> **ACTIVITY**
Print the entries below word for word; the pictures stay out of your copy.

> **Stored dataset items**

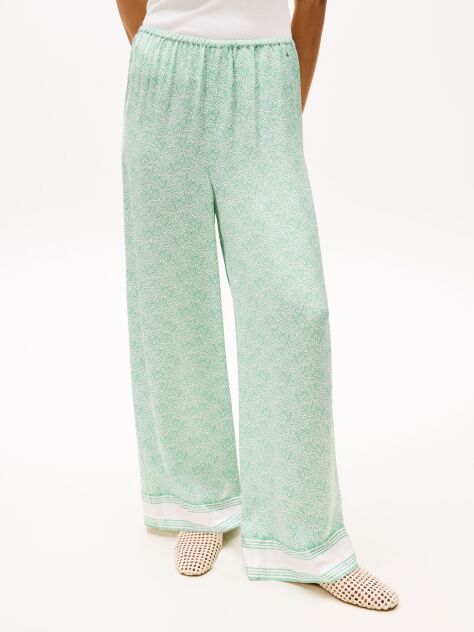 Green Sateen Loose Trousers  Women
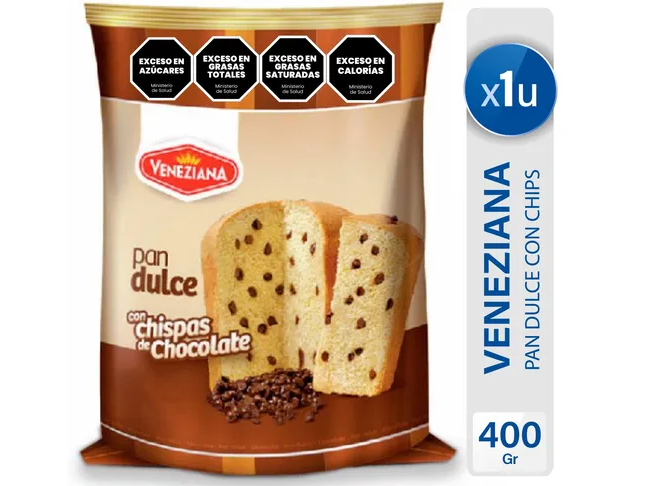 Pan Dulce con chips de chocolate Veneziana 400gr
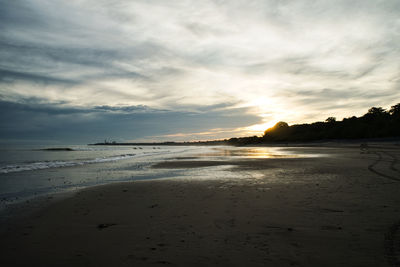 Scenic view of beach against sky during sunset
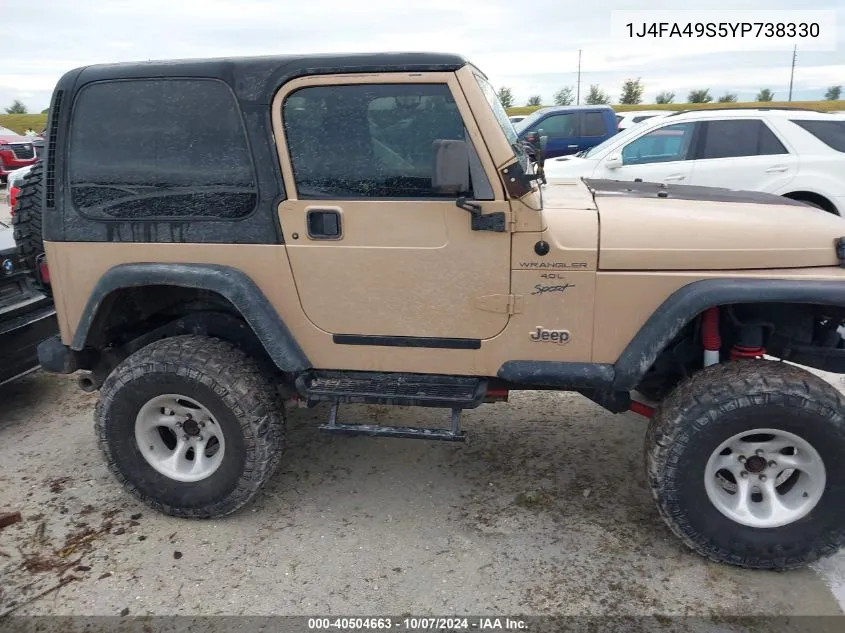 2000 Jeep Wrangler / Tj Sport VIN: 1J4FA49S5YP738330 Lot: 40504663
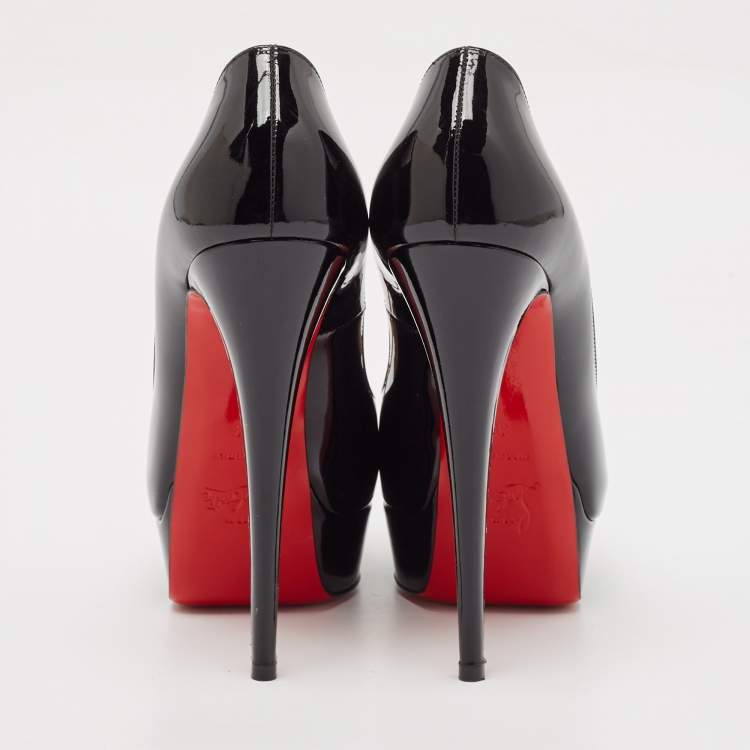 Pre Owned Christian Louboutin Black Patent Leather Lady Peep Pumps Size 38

> **SOLUTION TO THE PROBLEM**
 Green Sateen Loose Trousers  Women
 Pan Dulce con chips de chocolate Veneziana 400gr
 Scenic view of beach against sky during sunset
 2000 Jeep Wrangler / Tj Sport VIN: 1J4FA49S5YP738330 Lot: 40504663
 Pre Owned Christian Louboutin Black Patent Leather Lady Peep Pumps Size 38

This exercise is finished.